Atravesó el vestíbulo de puntillas, sin hacer ruido. Sentía la frialdad de las baldosas bajo sus pies desnudos y estaba rodeada únicamente por un pequeño haz de luz, la indispensable para no tropezar. Al llegar a lo alto de la escalera atravesó el rellano y, no sin cierta dificultad, localizó el pie de la escalera para uso de las criadas.

Finalmente en su habitación, apagó de un soplo la llama de la vela y se encaramó a la cama helada. Tenía mucho frío, el cuerpo convulso por temblores, empapado de sudor, una sensación de náuseas en el estómago.

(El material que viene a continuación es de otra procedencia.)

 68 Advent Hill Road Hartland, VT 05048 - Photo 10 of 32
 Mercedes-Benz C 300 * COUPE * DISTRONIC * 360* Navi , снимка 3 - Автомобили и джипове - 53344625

Por la mañana, tratando de recurrir a todo su aplomo, se ocupó primeramente de que Beatrice se encontrara cómoda y de servirle el desayuno; después fue a ver a Septimus, al que dejó igualmente tras haberlo atendido, procurando no dar la impresión de apresuramiento o de ser negligente con sus deberes. Eran casi las diez cuando ya se encontró en libertad de ir a la lavandería a hablar con Rose.

– Rose -la interpeló con voz tranquila para no llamar la atención de Lizzie. A buen seguro habría querido saber qué pasaba, para comprobar si se trataba de algún trabajo, y en caso contrario hacer o impedir lo que fuera para obligarles a dejarlo hasta un momento más oportuno.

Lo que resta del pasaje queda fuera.